** REQUIRED ACTION **
For this exercise, an exact copy is needed of only the lines from the one containing "Mukalilla, paritalo sis" through the end of the data, with pictures left out.

*** Opening DATA FOR ANALYSIS ***

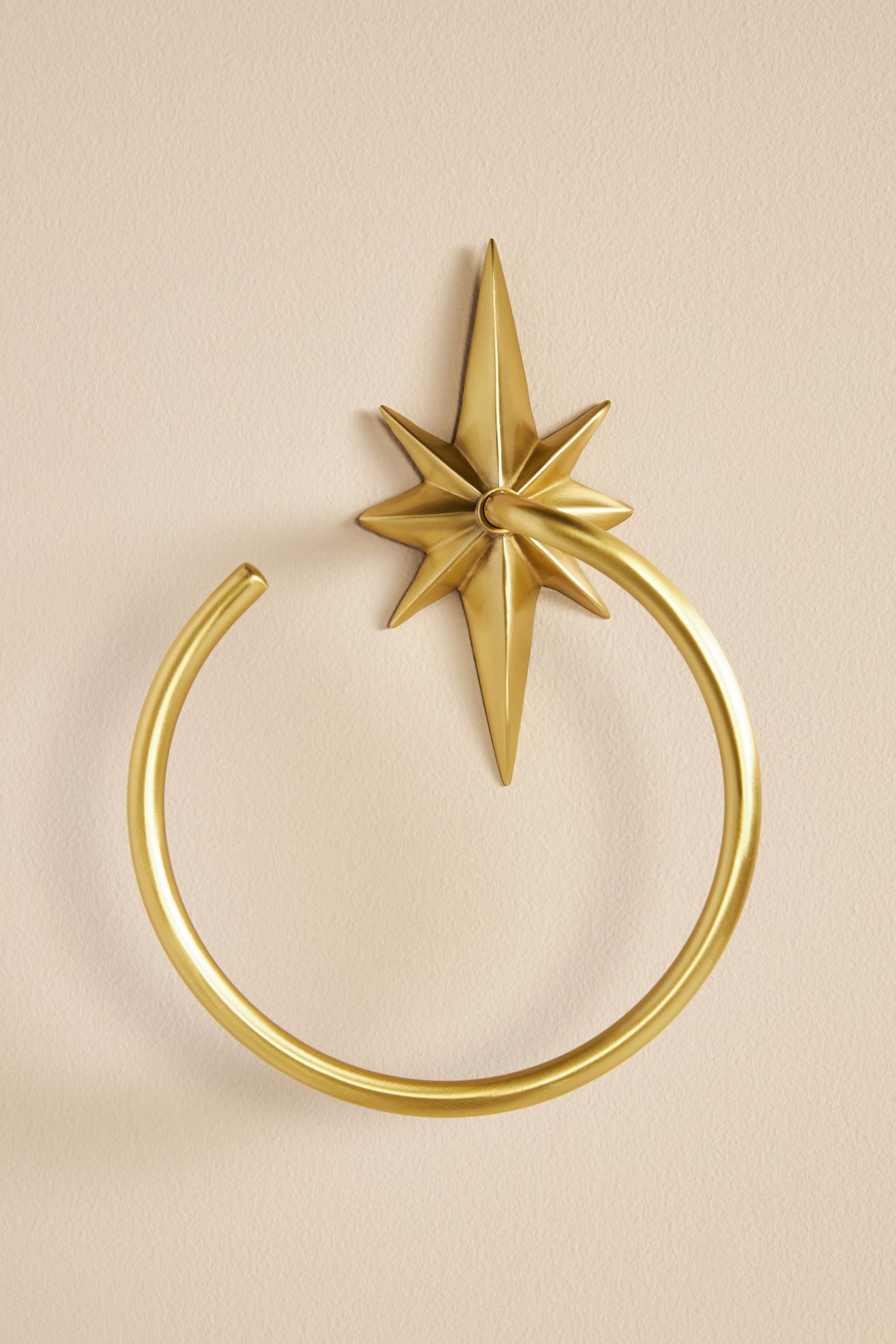 Arthur Star Towel Ring - Bronze, One Size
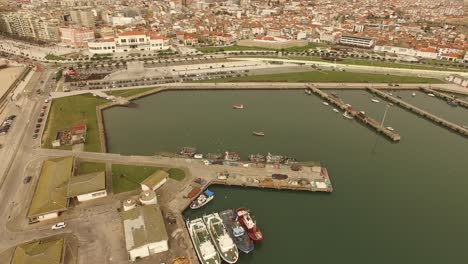 Luftaufnahme-Des-Strandes-In-Der-Stadt-Povoa-De-Varzim-Portugal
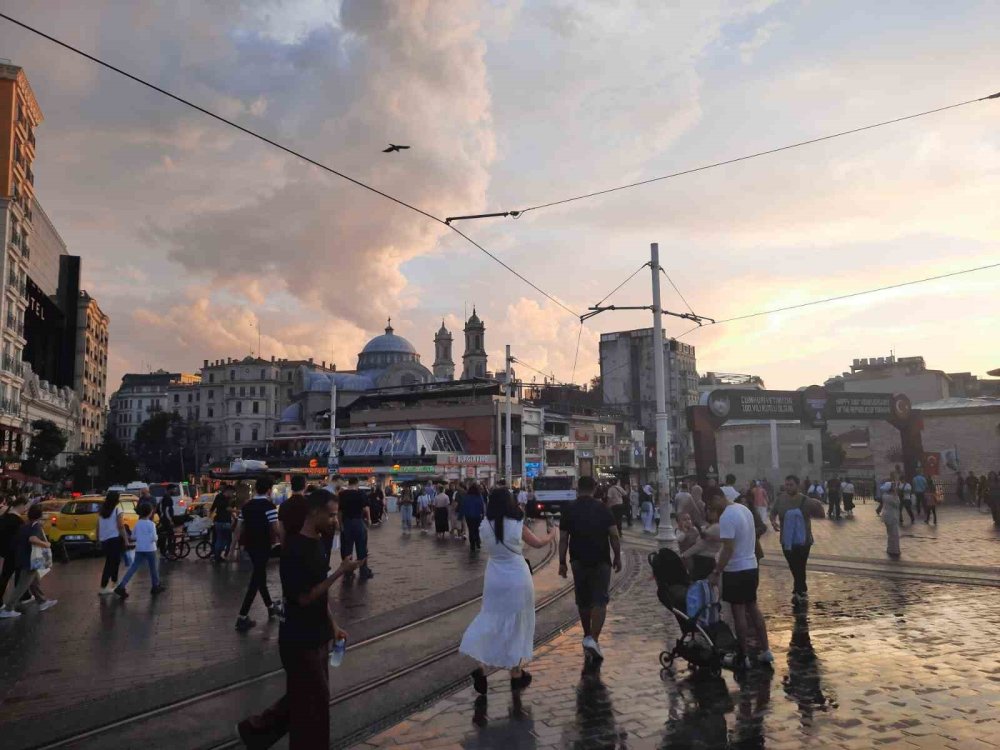 İstanbul'da aniden bastıran yağmur vatandaşlara zor anlar yaşattı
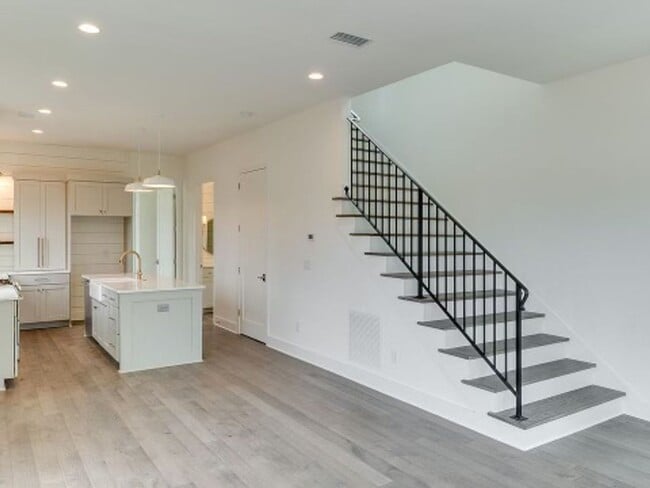 Building Photo - 3bed/3.5Bath LakeFront Home in Trilith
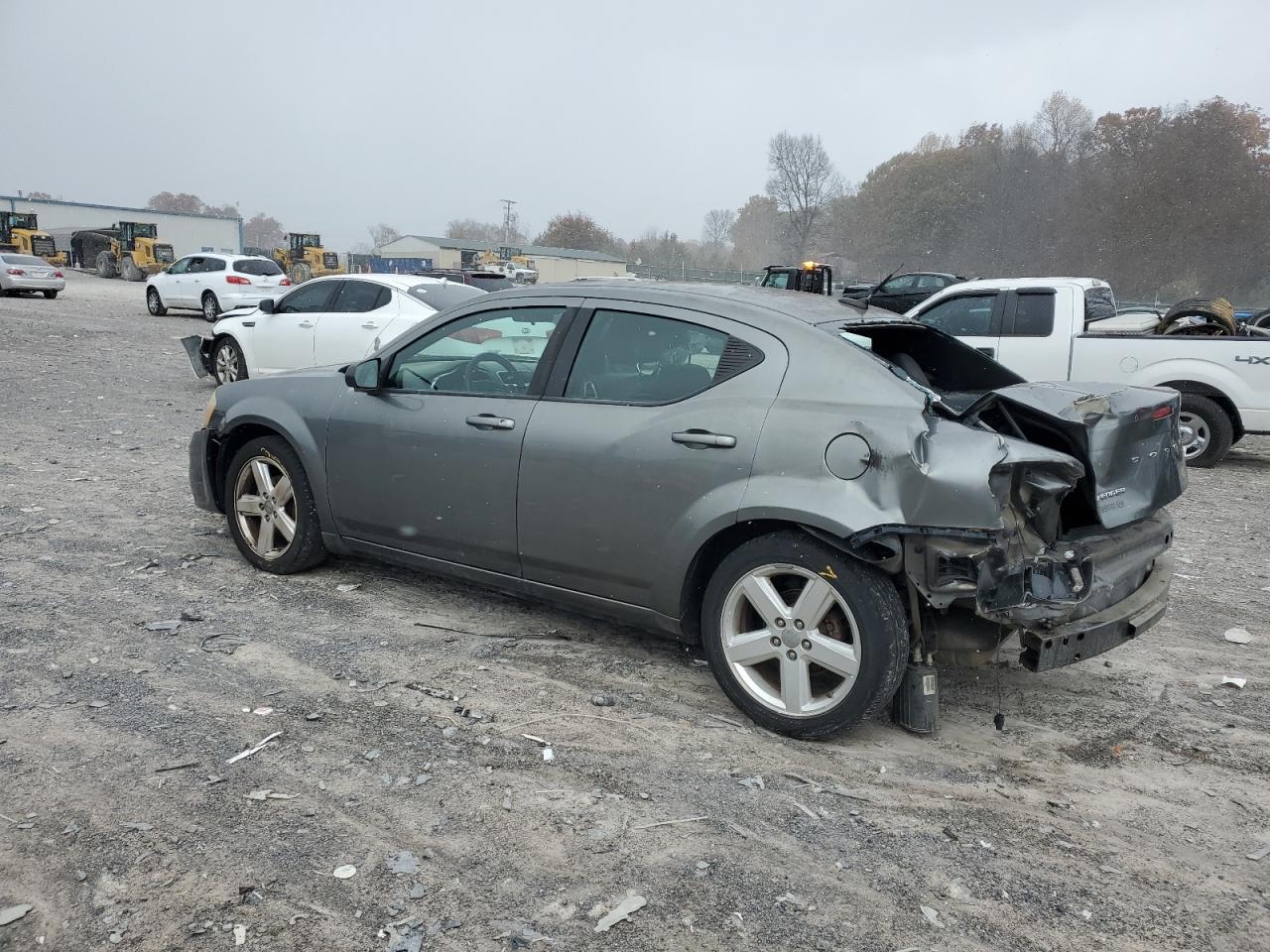 2013 DODGE Avenger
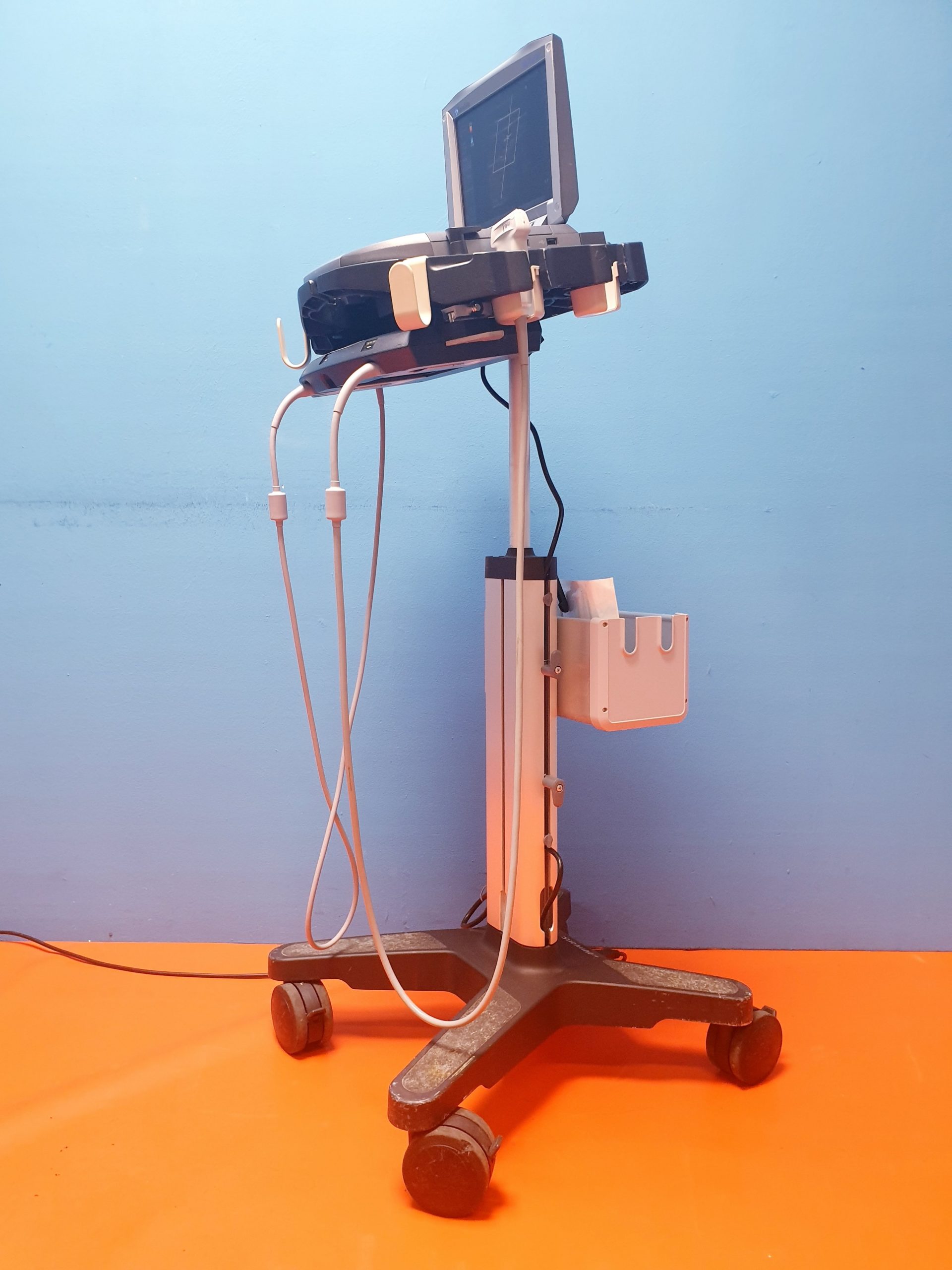 Sonosite M-Turbo Farbdoppler C60x/ 5-2MHz + HFL38X/13-6 & C60x/5-2 thumbnail 2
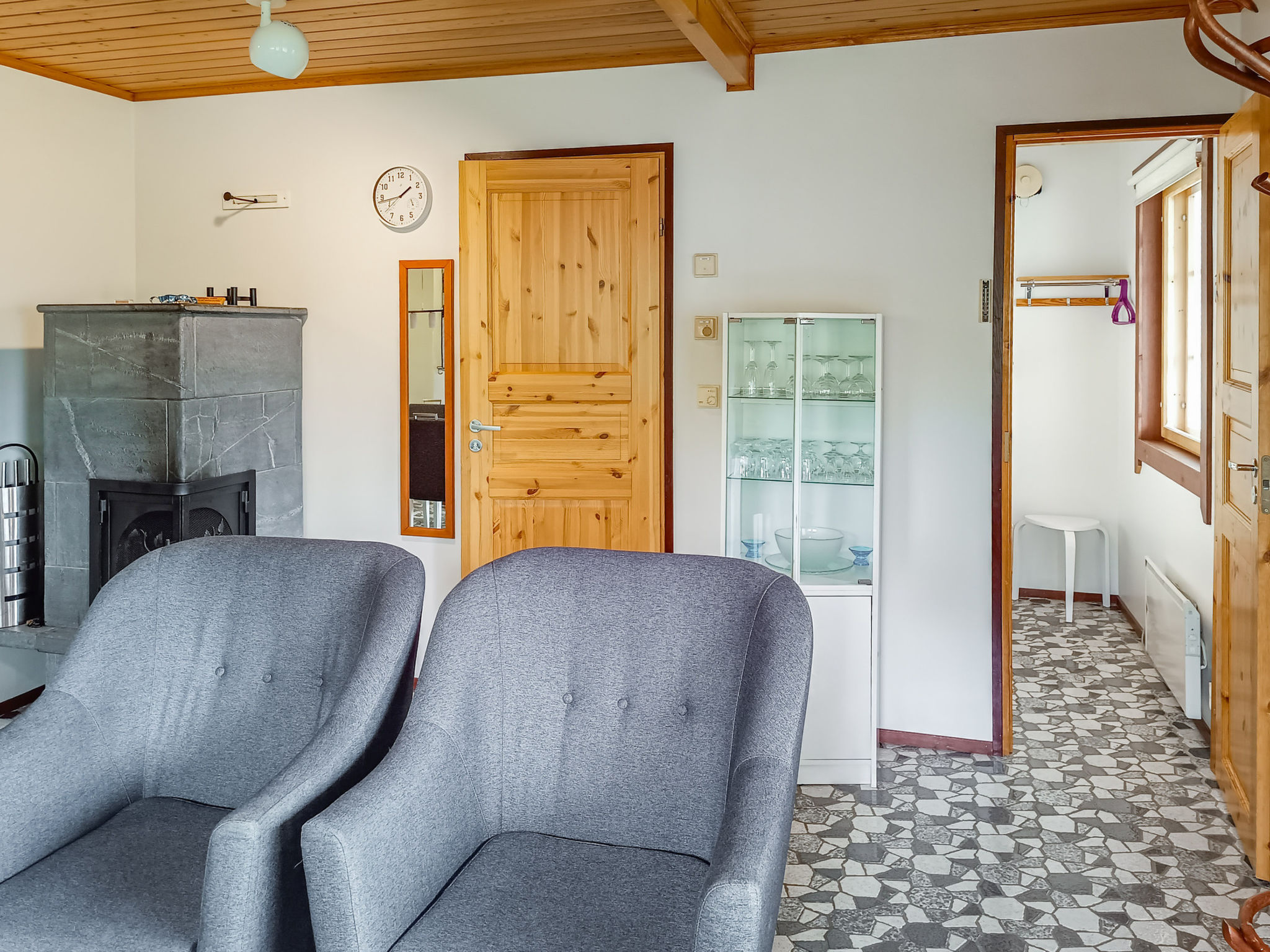 Mukalilla, paritalo sis loppusiivouksen - Inside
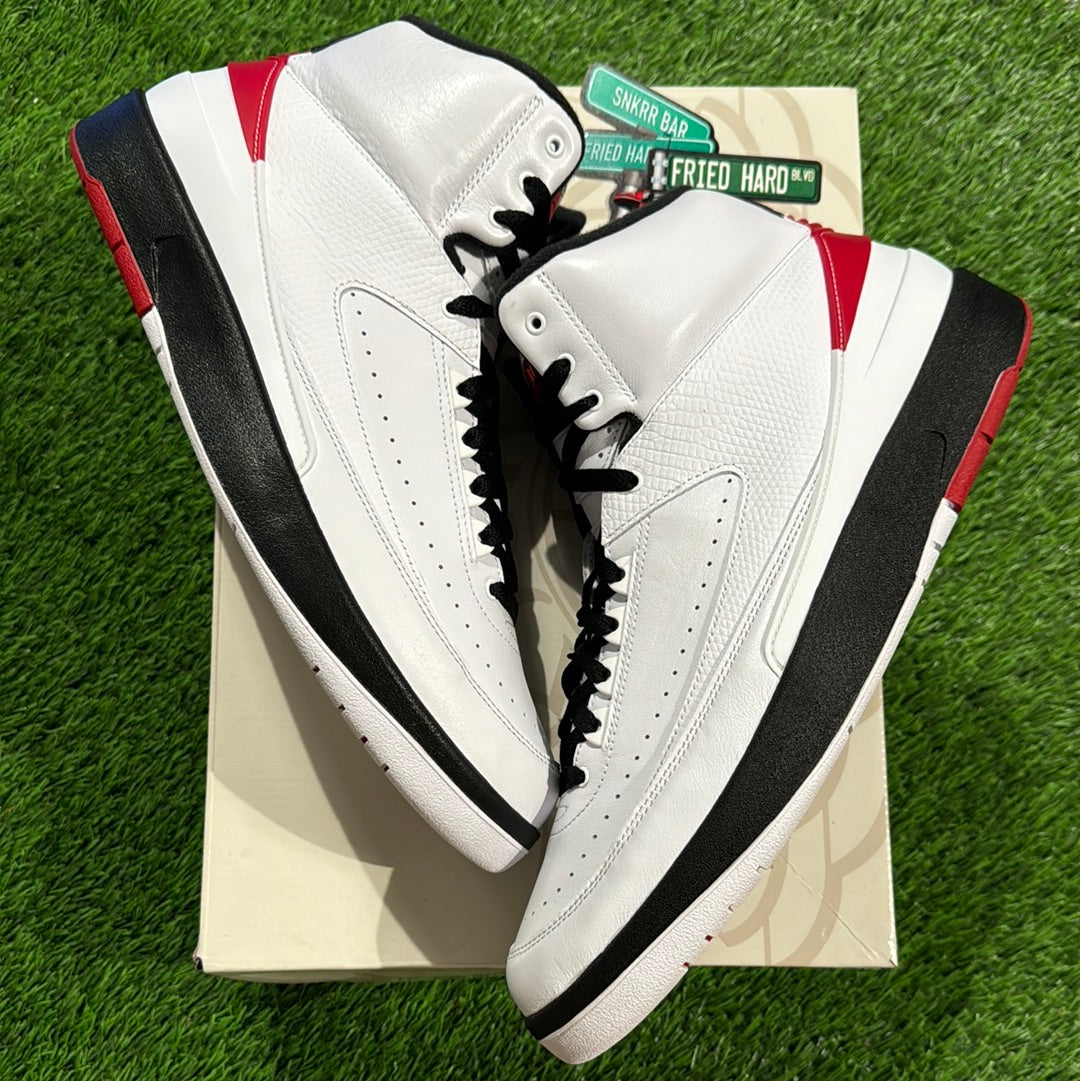 Air Jordan 2 Retro 'Chicago' 2022
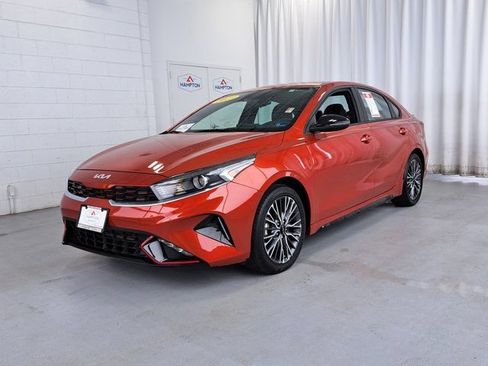 Used 2023 Kia Forte GT-Line FWD image 2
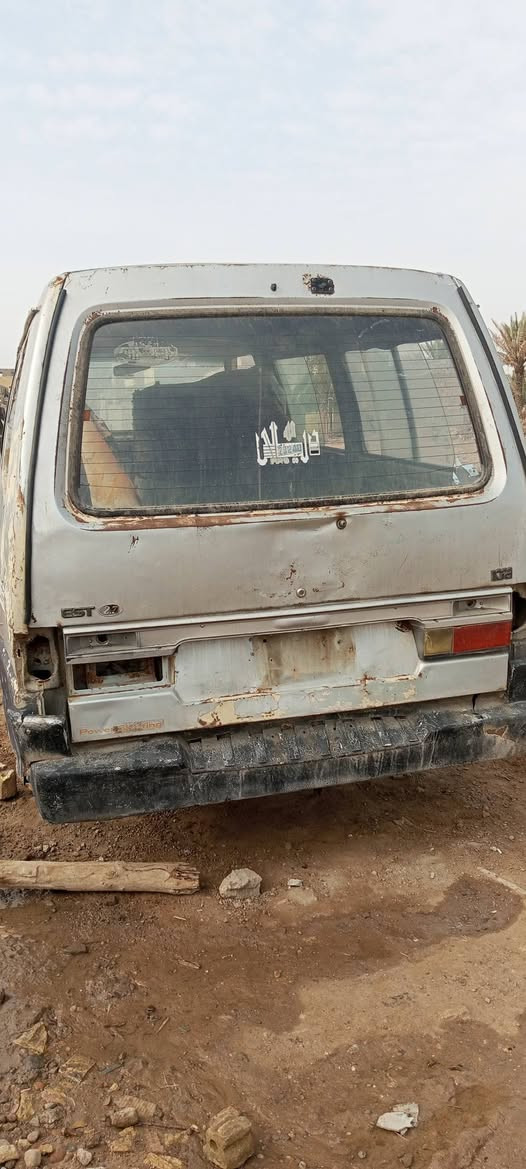 جنطة مع باب سلايت مع حصان مع جام مع كشن سايق وكشن الصدر  العبرية مع طوبات وغراض صدر ***********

*** Closing DATA FOR ANALYSIS ***

** SOLUTION TO THIS EXERCISE **
 Mukalilla, paritalo sis loppusiivouksen - Inside
 Air Jordan 2 Retro 'Chicago' 2022
 Used 2023 Kia Forte GT-Line FWD image 2
 جنطة مع باب سلايت مع حصان مع جام مع كشن سايق وكشن الصدر  العبرية مع طوبات وغراض صدر ***********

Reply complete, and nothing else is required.